How does RAID-Z scale with large numbers of NVMe drives?

The usual rule of thumb I’ve heard is that RAID-Z scales streaming writes at the speed of all drives, but has IOPS equal to a single drive. Is that still the case with NVMe? If I built something fairly silly, like a 12-drive RAIDZ1 vdev, would still only have the IOPS of one drive, or does the wild speed of NVMe mean that it starts performing better than the single-drive behavior of the old rust drives?

You will be INCREDIBLY disappointed.

Word to the wise: very few real world workloads get the kind of simple throughput scaling you’re expecting, either, on any kind of underlying drives.

Thanks, Jim. That’s about what I expected. I don’t even know if they’ll get up to 12 drives, but I’ll probably focus my testing on the difference between 6x2 ZFS mirrors and xfs-on-mdadm over anything RAID-Z.

1 Like

That sounds pretty reasonable IMO. You’re going to want striped mirrors either way, if the goal is maximum performance.

Typically, you won’t see much throughput scaling with any topology on NVMe, because NVMe can usually saturate the CPU’s ability to handle the data even on a single drive (assuming we’re talking non-gatbage NVMe, and you’ve got enough PCIe lanes to get the most of of the drive).
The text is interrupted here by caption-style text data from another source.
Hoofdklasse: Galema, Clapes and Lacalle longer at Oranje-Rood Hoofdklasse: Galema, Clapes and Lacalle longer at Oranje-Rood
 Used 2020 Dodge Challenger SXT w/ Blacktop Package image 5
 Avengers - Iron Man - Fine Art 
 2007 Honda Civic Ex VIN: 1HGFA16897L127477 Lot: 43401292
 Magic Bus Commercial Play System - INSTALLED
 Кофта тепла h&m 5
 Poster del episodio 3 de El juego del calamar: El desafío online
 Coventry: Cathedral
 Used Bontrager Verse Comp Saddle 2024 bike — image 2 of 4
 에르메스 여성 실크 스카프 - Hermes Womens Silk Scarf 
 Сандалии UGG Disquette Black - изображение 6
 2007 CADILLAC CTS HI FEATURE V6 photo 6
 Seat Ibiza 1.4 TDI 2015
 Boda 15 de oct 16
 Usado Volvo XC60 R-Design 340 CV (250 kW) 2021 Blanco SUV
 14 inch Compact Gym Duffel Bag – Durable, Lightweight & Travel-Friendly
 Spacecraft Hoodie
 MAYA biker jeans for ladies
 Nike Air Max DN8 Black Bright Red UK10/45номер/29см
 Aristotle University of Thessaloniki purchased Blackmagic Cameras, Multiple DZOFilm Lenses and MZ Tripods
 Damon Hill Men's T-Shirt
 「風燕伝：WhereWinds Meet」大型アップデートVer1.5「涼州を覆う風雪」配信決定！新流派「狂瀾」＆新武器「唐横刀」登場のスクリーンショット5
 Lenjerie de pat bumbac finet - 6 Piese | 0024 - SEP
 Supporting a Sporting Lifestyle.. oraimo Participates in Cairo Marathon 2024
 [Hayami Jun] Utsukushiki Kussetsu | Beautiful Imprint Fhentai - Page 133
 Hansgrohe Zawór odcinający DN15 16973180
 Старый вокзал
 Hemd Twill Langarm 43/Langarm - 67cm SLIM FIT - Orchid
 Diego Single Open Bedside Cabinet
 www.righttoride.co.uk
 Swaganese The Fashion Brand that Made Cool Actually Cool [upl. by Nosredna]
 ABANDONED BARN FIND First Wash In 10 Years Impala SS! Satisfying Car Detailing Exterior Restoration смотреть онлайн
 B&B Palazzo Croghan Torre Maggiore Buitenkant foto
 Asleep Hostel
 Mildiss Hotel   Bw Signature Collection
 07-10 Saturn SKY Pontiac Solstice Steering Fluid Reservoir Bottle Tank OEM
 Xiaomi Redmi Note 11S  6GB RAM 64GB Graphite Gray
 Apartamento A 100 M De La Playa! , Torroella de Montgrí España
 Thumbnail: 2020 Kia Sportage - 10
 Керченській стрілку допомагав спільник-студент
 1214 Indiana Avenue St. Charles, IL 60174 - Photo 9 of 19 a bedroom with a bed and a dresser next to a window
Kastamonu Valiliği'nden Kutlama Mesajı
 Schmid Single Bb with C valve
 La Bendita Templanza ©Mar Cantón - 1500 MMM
Where you can get scaling out of multiple NVMe drives is IOPS on the very low end. That requires multiple vdevs and a very parallel workload, and again assumes you’re not already saturating the CPU on throughput, but if you meet those assumptions you can get improved performance out of issuing your painfully small I/O requests across multiple devices.

You’re also going to need a massively parallel workload to get the most out of throughput, typically, because remember that CPU bottlenecking? If all the requests happen in a single thread, you bottleneck on the CPU on per-thread performance, whereas with a heavily parallel workload, you can bottleneck on CPU multi-thread performance.

At these rarified elevations, parallelization also becomes important for network performance: with 10Gbps and up, a single CPU thread can’t keep up with your NIC either, so you need multiple TCP threads in order to engage multiple CPU threads to get as much as possible out of your network’s theoretical throughput cap.